- **Work to be completed**:
In the listing below, locate the line with "TAMPA DOWNS HEIGHTS - Residential" and the line with "𝙨𝙪𝙢𝙢𝙚𝙧 ♡ tweet media", then output both and everything between them exactly, minus any pictures.

*** Opening of Exercise data ***

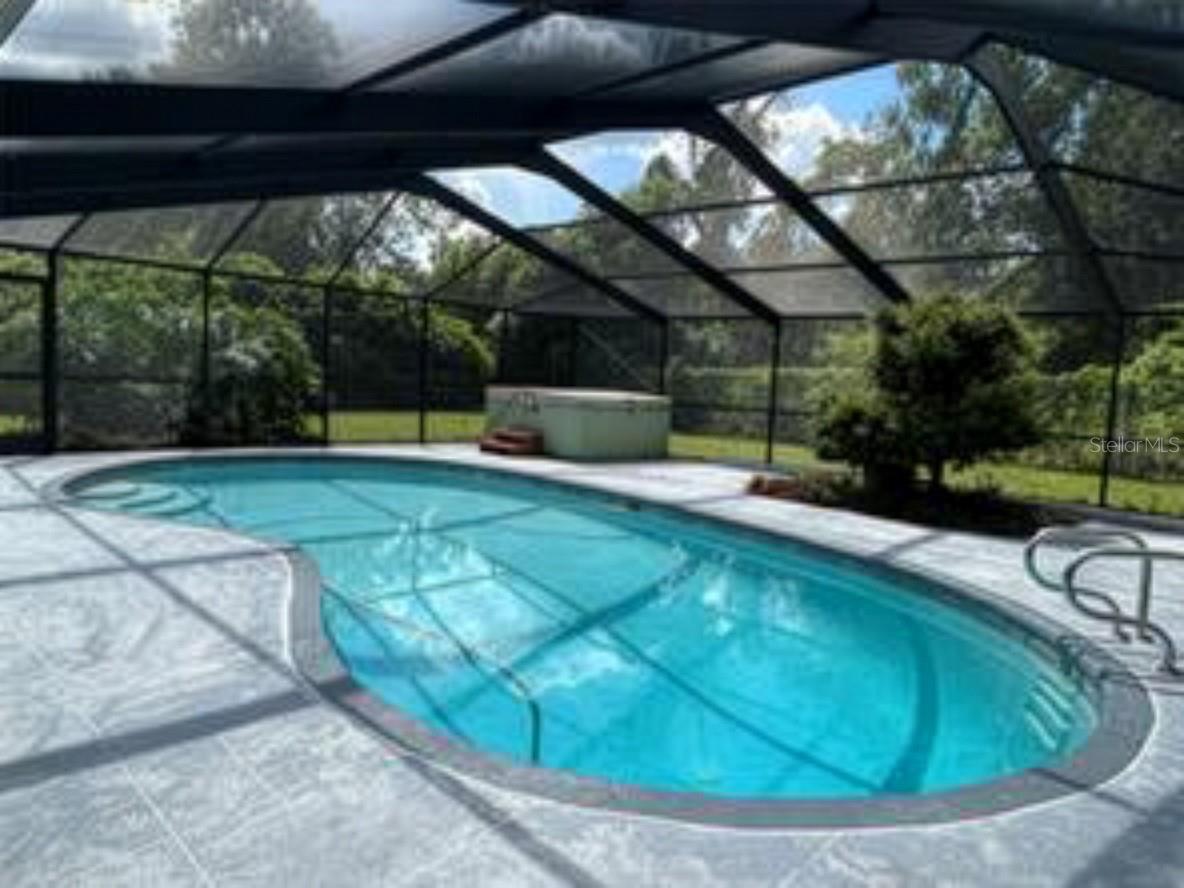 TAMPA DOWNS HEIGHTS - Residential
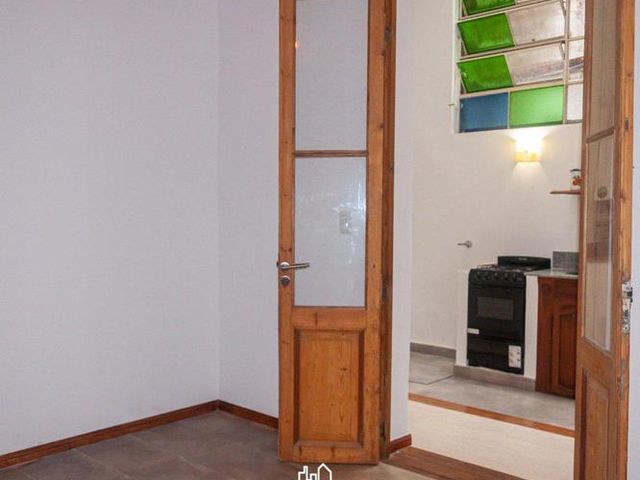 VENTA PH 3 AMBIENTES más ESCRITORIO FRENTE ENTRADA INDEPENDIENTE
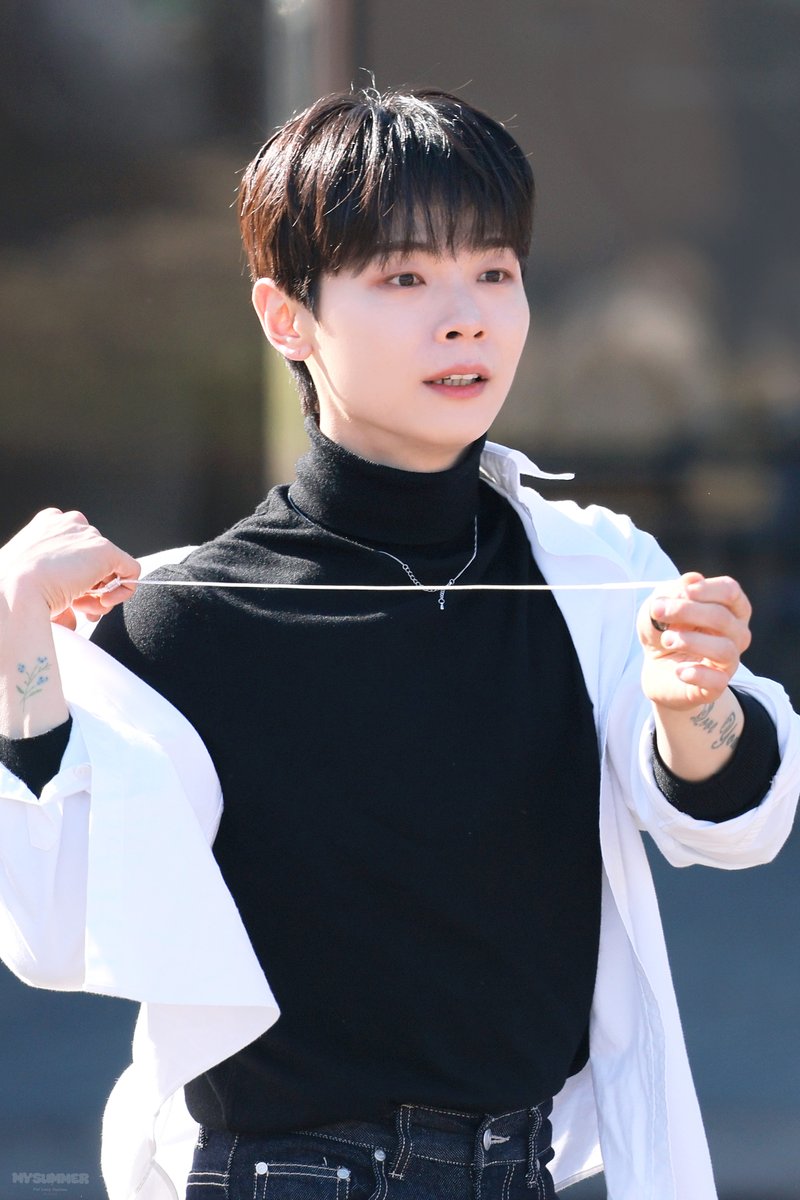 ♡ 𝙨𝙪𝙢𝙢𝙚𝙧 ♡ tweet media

*** Close of Exercise data ***
*** Opening of Exercise data ***

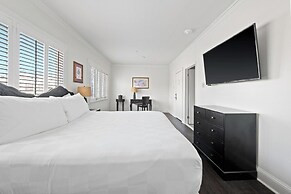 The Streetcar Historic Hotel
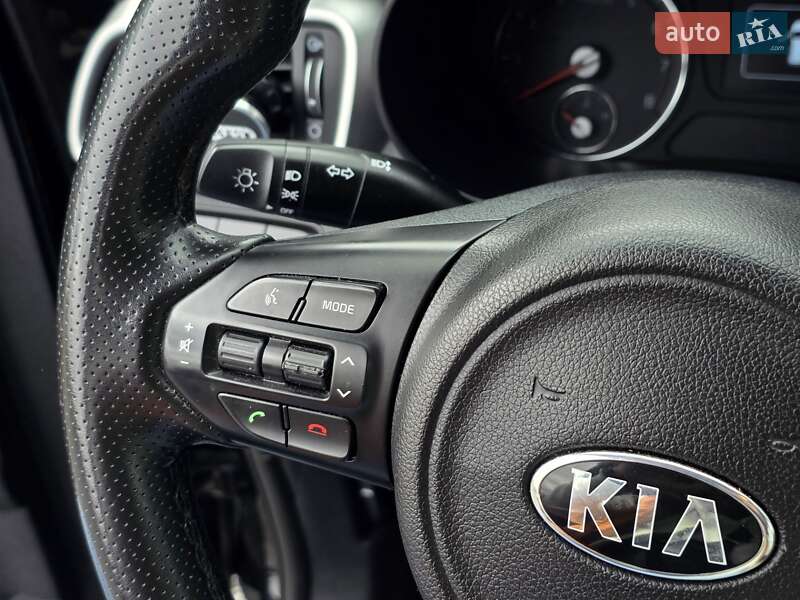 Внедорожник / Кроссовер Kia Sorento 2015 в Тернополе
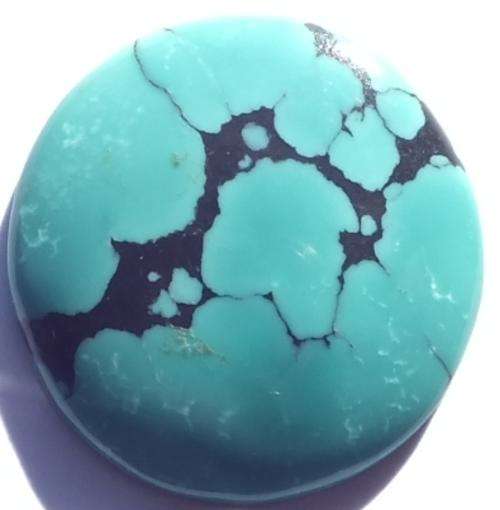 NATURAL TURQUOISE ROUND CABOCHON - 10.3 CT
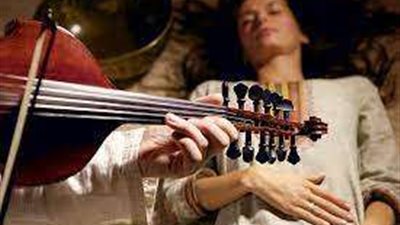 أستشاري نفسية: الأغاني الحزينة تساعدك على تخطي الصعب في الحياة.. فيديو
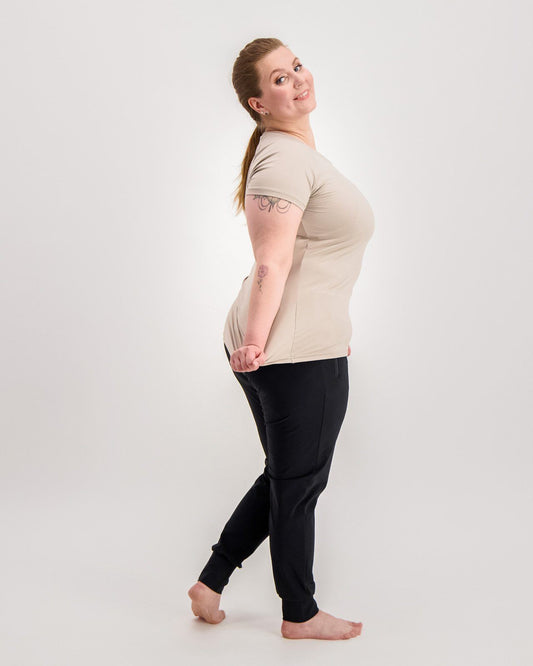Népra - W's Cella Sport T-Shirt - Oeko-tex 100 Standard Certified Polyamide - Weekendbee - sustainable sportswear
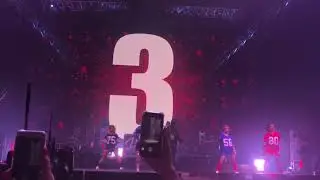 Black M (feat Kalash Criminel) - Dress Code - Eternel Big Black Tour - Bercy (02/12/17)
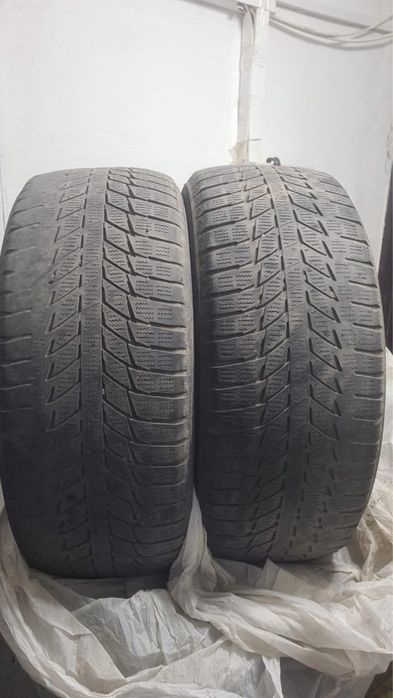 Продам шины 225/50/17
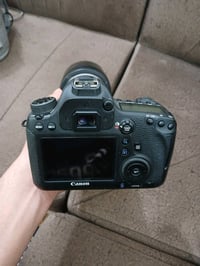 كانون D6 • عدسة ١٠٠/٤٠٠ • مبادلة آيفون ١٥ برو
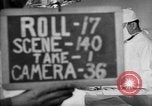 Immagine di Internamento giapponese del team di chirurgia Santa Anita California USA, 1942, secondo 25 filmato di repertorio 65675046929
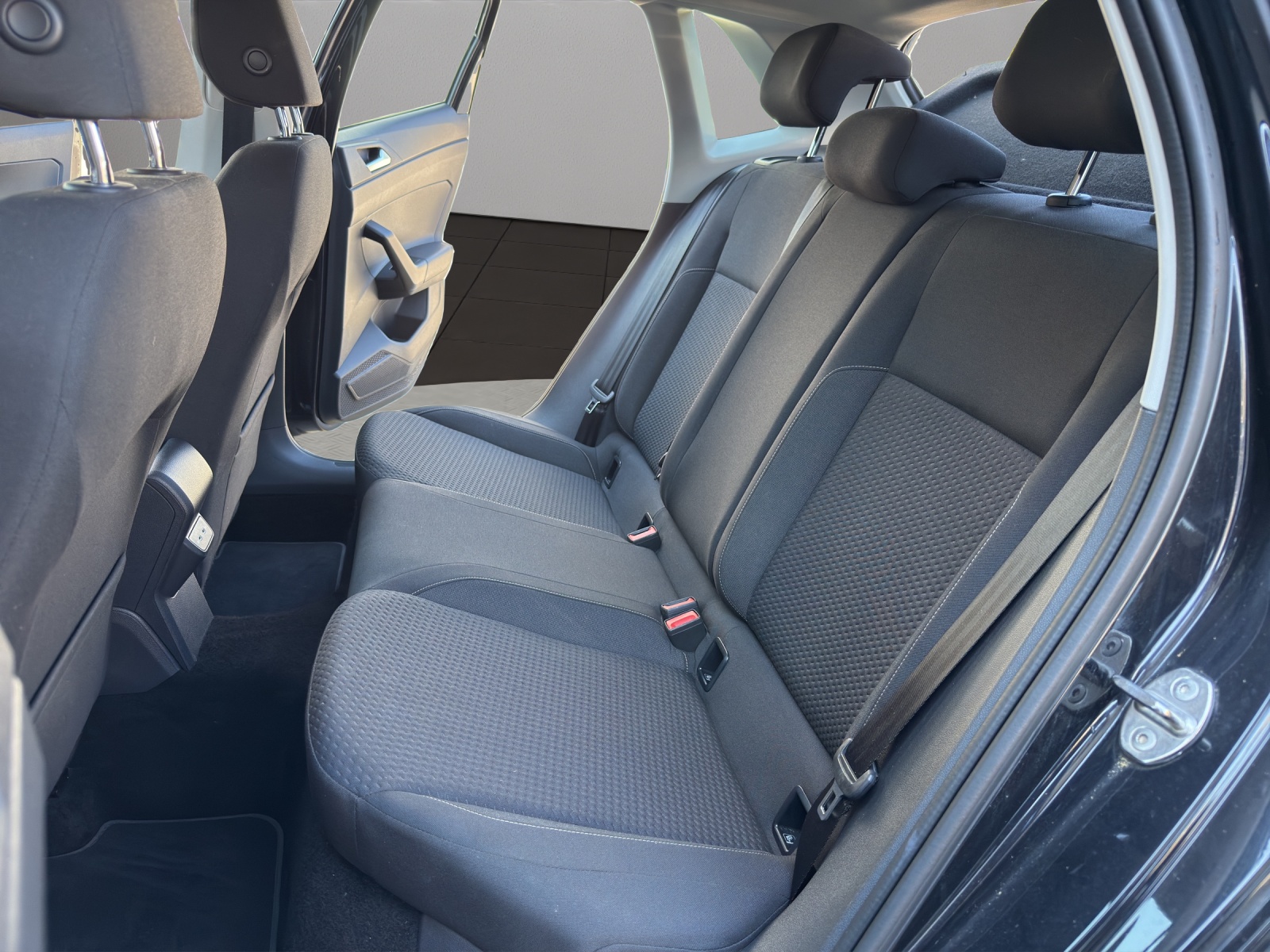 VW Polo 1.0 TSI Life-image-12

*** Close of Exercise data ***

- **Exercise response**:
 TAMPA DOWNS HEIGHTS - Residential
 VENTA PH 3 AMBIENTES más ESCRITORIO FRENTE ENTRADA INDEPENDIENTE
 ♡ 𝙨𝙪𝙢𝙢𝙚𝙧 ♡ tweet media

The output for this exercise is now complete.